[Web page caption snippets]

= = =

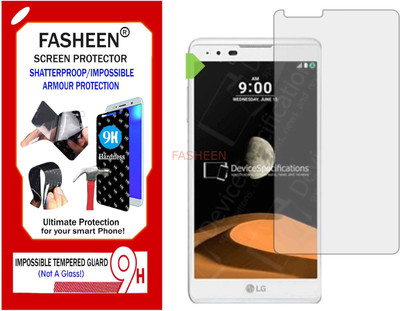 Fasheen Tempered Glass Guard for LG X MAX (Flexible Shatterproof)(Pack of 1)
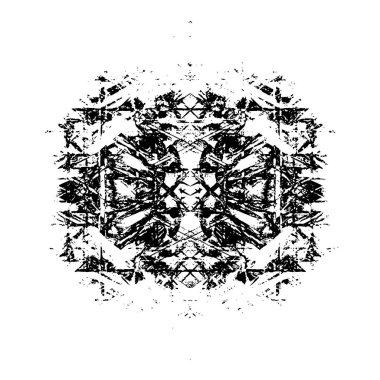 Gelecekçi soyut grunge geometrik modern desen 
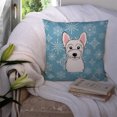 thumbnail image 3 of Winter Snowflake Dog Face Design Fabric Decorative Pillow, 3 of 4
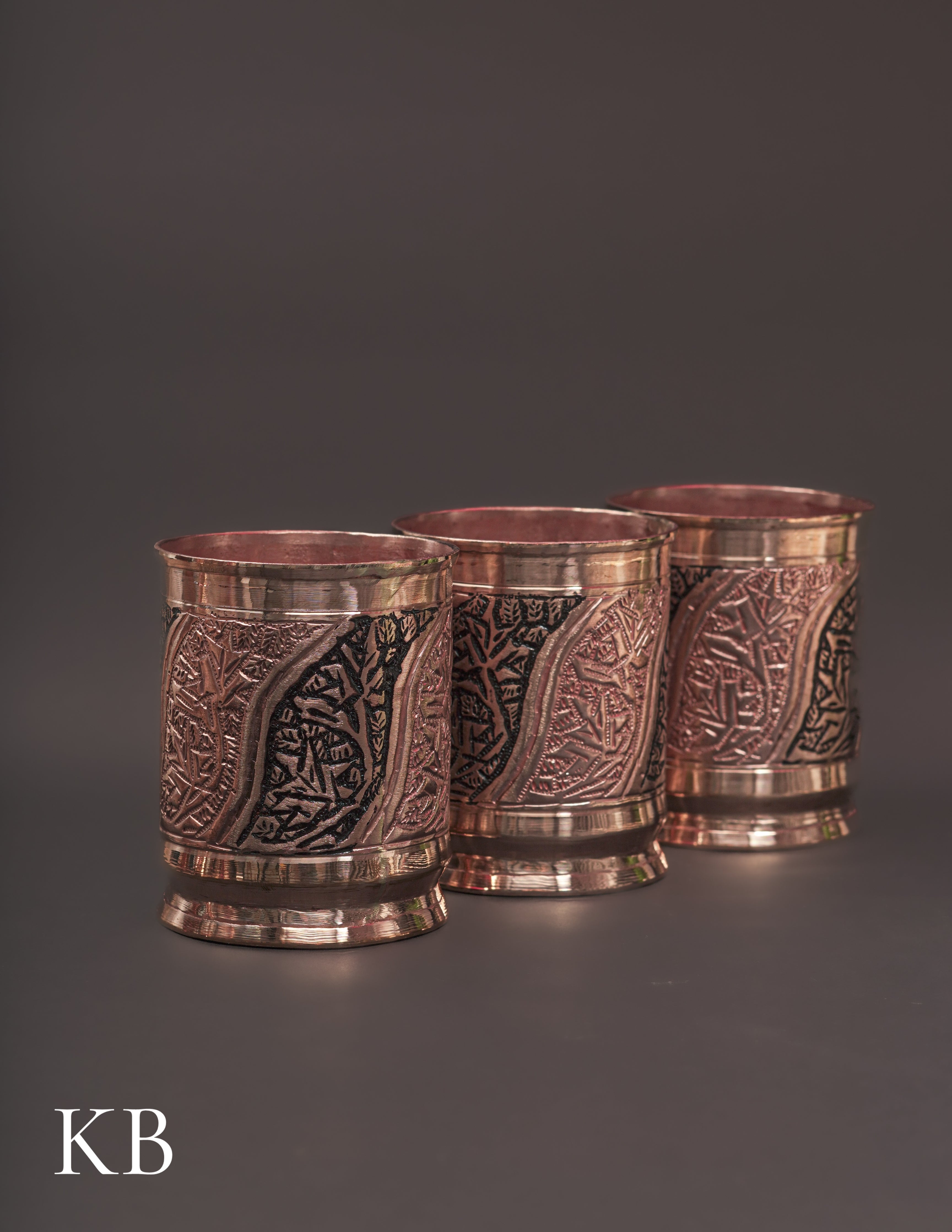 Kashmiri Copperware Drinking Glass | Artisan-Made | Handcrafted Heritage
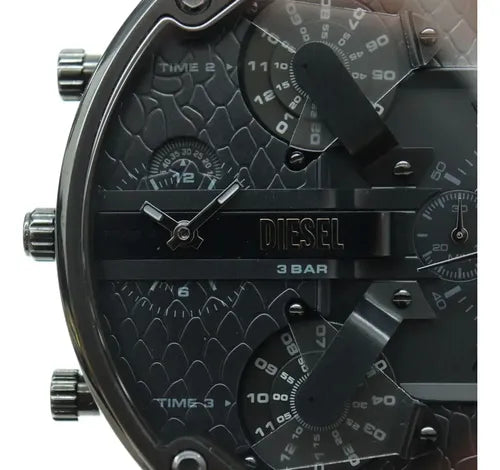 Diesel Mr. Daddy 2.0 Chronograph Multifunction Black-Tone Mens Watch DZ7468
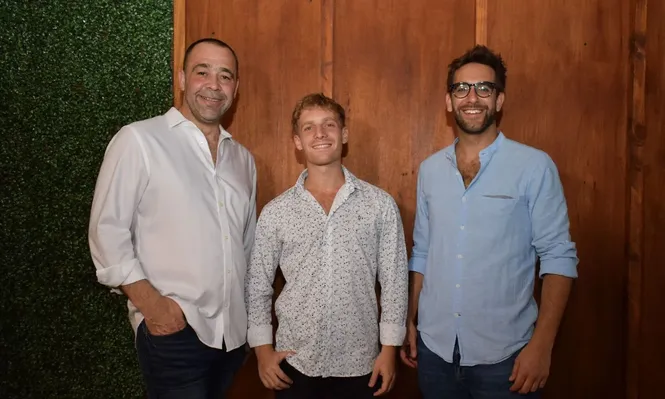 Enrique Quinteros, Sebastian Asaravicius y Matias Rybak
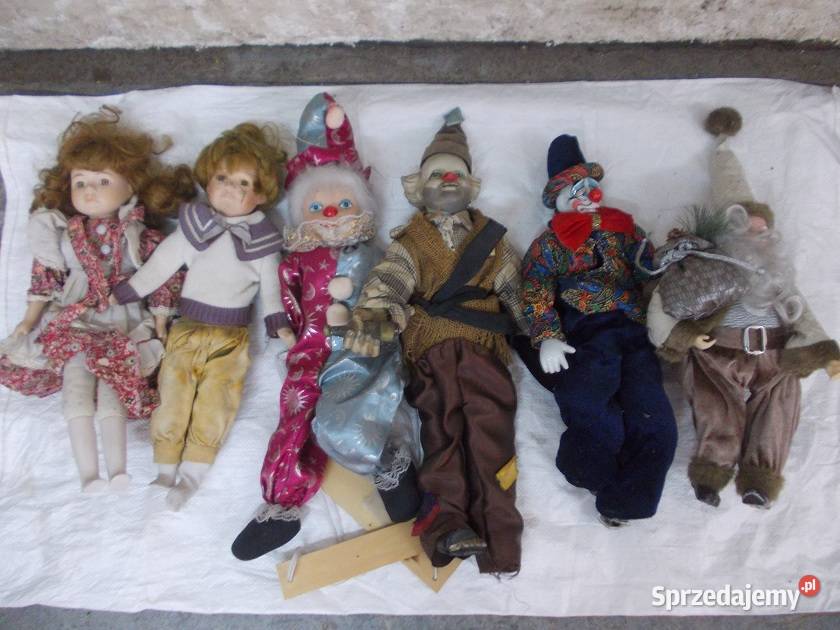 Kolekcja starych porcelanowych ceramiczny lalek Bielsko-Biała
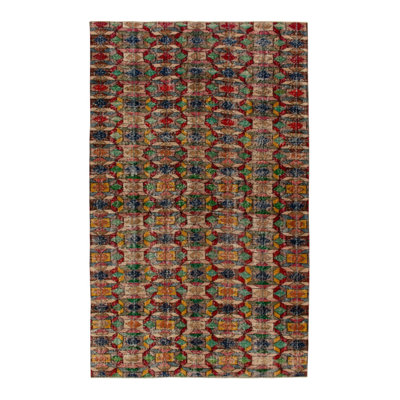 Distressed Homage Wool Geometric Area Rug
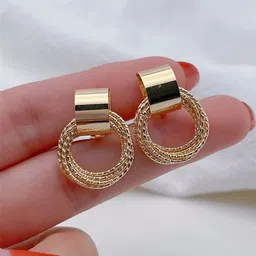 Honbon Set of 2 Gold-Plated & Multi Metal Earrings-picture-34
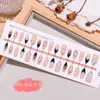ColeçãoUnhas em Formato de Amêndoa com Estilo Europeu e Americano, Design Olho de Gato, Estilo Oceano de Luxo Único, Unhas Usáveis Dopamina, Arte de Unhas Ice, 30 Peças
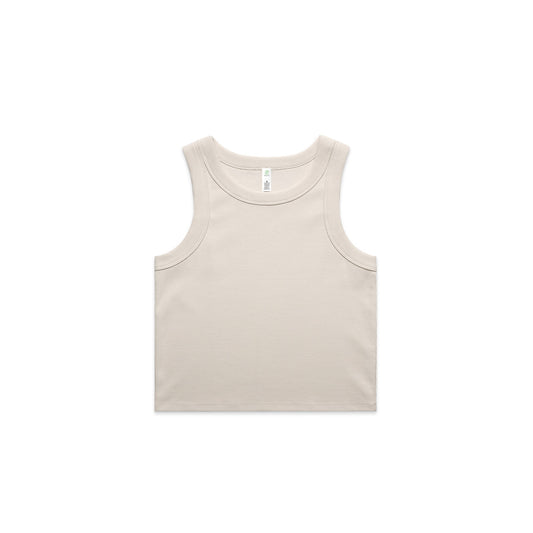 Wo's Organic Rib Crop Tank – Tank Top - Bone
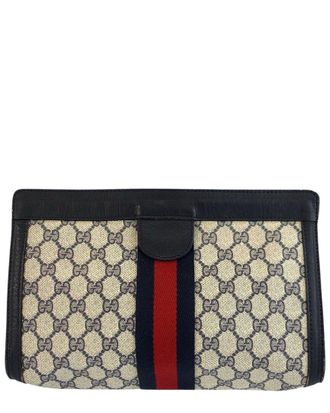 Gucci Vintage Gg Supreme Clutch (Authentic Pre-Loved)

= = =

DIRECTIONS:
Every line above should be returned word for word, with the pictures left behind.

EXPECTED ANSWER:
 Fasheen Tempered Glass Guard for LG X MAX (Flexible Shatterproof)(Pack of 1)
 Gelecekçi soyut grunge geometrik modern desen 
 thumbnail image 3 of Winter Snowflake Dog Face Design Fabric Decorative Pillow, 3 of 4
 Kashmiri Copperware Drinking Glass | Artisan-Made | Handcrafted Heritage
 Diesel Mr. Daddy 2.0 Chronograph Multifunction Black-Tone Mens Watch DZ7468
 Enrique Quinteros, Sebastian Asaravicius y Matias Rybak
 Kolekcja starych porcelanowych ceramiczny lalek Bielsko-Biała
 Distressed Homage Wool Geometric Area Rug
 Honbon Set of 2 Gold-Plated & Multi Metal Earrings-picture-34
ColeçãoUnhas em Formato de Amêndoa com Estilo Europeu e Americano, Design Olho de Gato, Estilo Oceano de Luxo Único, Unhas Usáveis Dopamina, Arte de Unhas Ice, 30 Peças
 Wo's Organic Rib Crop Tank – Tank Top - Bone
 Gucci Vintage Gg Supreme Clutch (Authentic Pre-Loved)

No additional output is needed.